O beneficiado foi o bisavô de Quimet, um homem de meia idade que hoje vive da produção de uvas e de pêssegos, mas que corre contra o tempo frente as disputas de território que põem a continuidade do negócio familiar em xeque.


Depois da morte dos proprietários originais, o que antes seria um contrato de comum acordo entre cavalheiros, transformou-se num direito de herança prestes a expropriar os moradores atuais.


Resumindo bastante, apenas um acordo verbal de décadas antes teria concedido o direito de exploração das terras de uma família a outra, sem respaldo algum em documentos. Diante dos herdeiros, os trabalhadores da terra estão desamparados.


Contrários aos desejos ancestrais, os herdeiros formais preferiam dar outro destino ao solo: investir no ramo de painéis solares, instalando grandes placas pelo lugar afora. Para isso, determinaram a derrubada das plantações durante a fase de colheitas.


Esse é um grande fator de pressão sobre o espectador, que sofre com a correria de Quimet para evitar perder tudo o que tem.


O drama explora várias vertentes sensíveis em se tratando de pequenos produtores.


Apesar de a referência geoespacial ser européia, existe uma identificação universal nesta problemática dos pequenos trabalhadores rurais: sobrecarga de trabalho, práticas predatórias de negociação, precarização da cadeia produtiva, pressão por parte de grandes corporações para maior lucratividade, em detrimento da qualidade do produto.


Inclusive o filme aborda a raiva política de um espaço de desespero pela sobrevivência. O direito de propriedade neste filme não se esgota com a burocracia da escritura, mas exala questionamentos mais profundos sobre raízes, ancestralidade, valores sociais no campo econômico.

O direito de propriedade está intrinsecamente ligado ao senso de valor da família no campo, ali se nasce, cresce, come, vive, casa, procria, desenvolve e estabelece. Somados, os trabalhos árduos das famílias que vivem o ciclo econômico e cultural como se um só, formam comunidades inteiras.

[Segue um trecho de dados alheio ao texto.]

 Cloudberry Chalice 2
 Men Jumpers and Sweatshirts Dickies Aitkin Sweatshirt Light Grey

São alvo de orgulho e precisam lutar pela permanência. Os painéis solares, como negócios encomendados, aparecem na forma de alegoria oportunista e desapaixonada, que promete um enriquecimento automático e engessado.

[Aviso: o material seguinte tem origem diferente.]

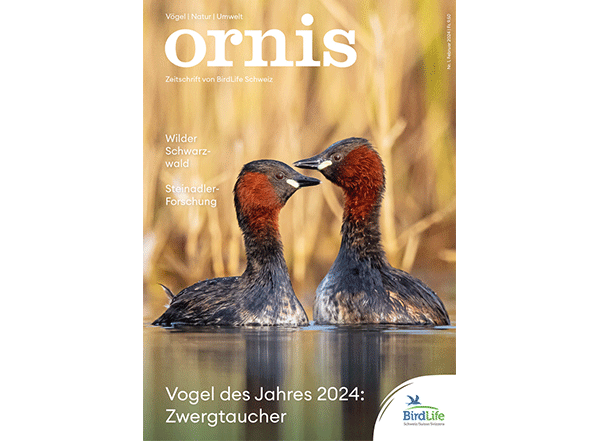 Cover Ornis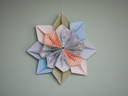 Lotus Flower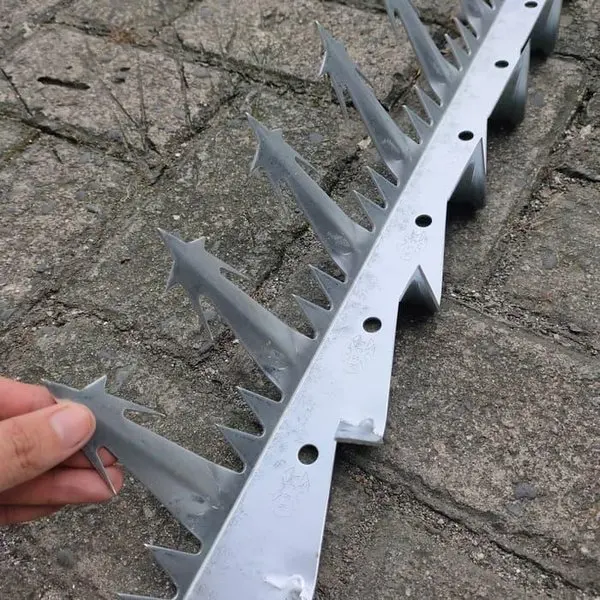 Animol control deterrent anti Climb Strips plastic thorn bird spike for pigeon hot dipped galvanized material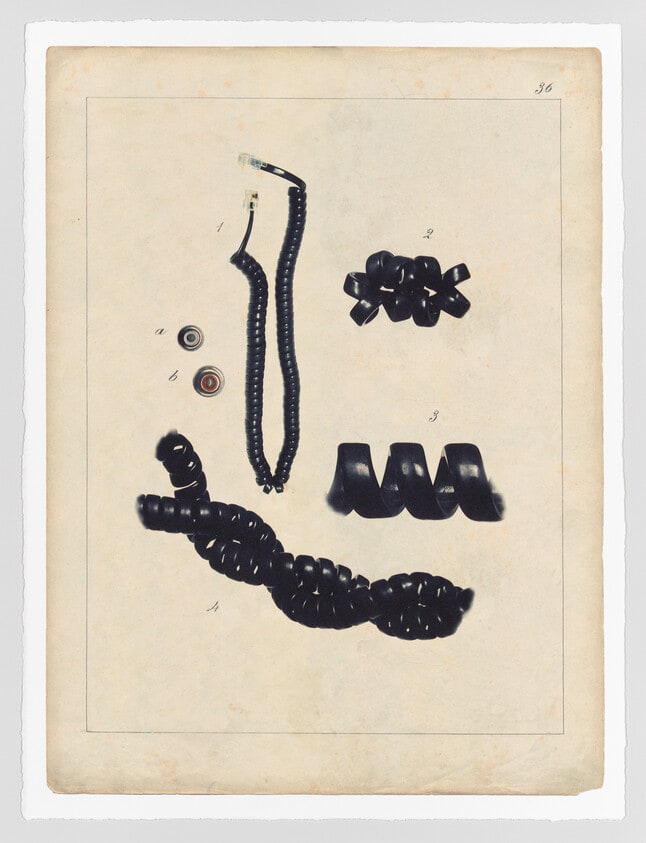 Comparative Morphologies #36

Podemos trazer nota sobre algumas metáforas no que diz respeito ao direito de propriedade.


O elenco infantil do filme conversa o tempo inteiro com o relacionamento entre felicidade e lugar.

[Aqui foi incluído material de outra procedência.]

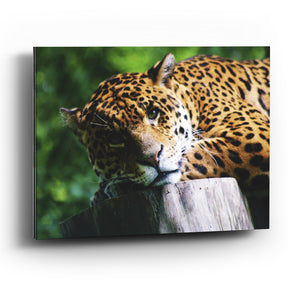 Cuadro decorativo de Leopardo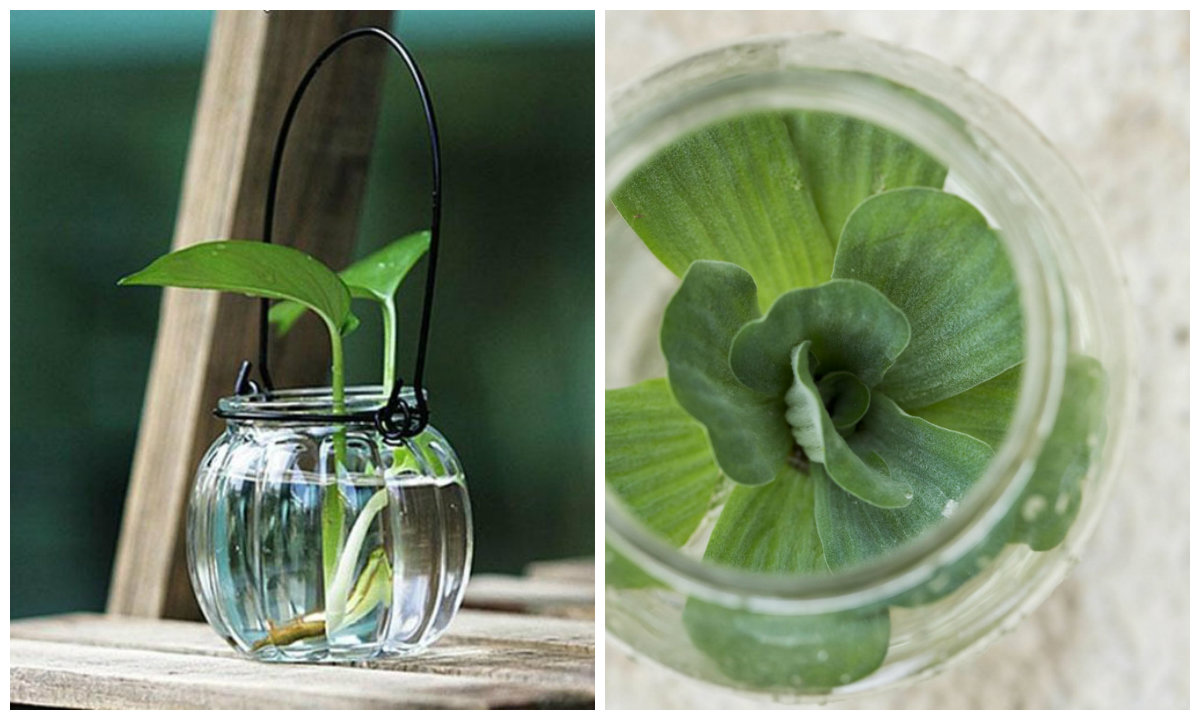 vodene biljke collage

A primeira cena do longa se passa dentro de um fusca abandonado, onde as crianças se encontram para brincar e pertencer.


Não por acaso podemos considerar que foi logo a primeira quebra do direito de propriedade no filme. É claro, não literal.


Uma retroescavadeira parte com o fusca dali, nos deixando pistas sobre o tópico principal: quando a propriedade é mesmo posse e quando é ela apenas um empréstimo?


Ainda que o fusca fosse das crianças, eles precisariam de permissão dos pais. Da mesma forma, seus pais só plantavam naquele território sob a permissão dos donos de direito.


Desde a perda do fusca, as crianças estão deslocadas e descoladas do resto, buscando novas associações de espaço o tempo todo, e, sendo ameaçadas por questões que estão fora da lógica delas. Assim como os pais e a família estão fora da lógica dominante do capital, ao menos no anseio.


Do ponto de vista econômico, a implementação dos painéis solares parece ser mais “realista”, menos “lúdico” do que um sonho familiar de seguir as tradições de família e de manter a estruturação de uma noção privativa de felicidade. É o mesmo que manter “o fusca dos adultos”.


O filme é interessantíssimo porque traz justamente este olhar de criança sobre todas as questões que são desdenhadas de cima para baixo. A reflexão é essa, de que desdenhamos daquilo que infantilizamos ou que rebaixamos por falta de compreensão.


O signo rural, em última análise, funciona como um grande baluarte que alberga o sonho adulto e que tristemente flerta com a dureza da imposição dos grandes pragmáticos.


Como último parêntese, podemos pensar nos movimentos de protesto do ludismo, pelos tecelões ingleses na época da Revolução industrial. Nesta fase histórica, os artesãos destruíam as máquinas porque assistiam à tomada dos postos de trabalho manuais. Olhando para trás vemos que houve mesmo substituições. Devemos pensar hoje com mais sensibilidade a crise agrária, alimentar e campesina.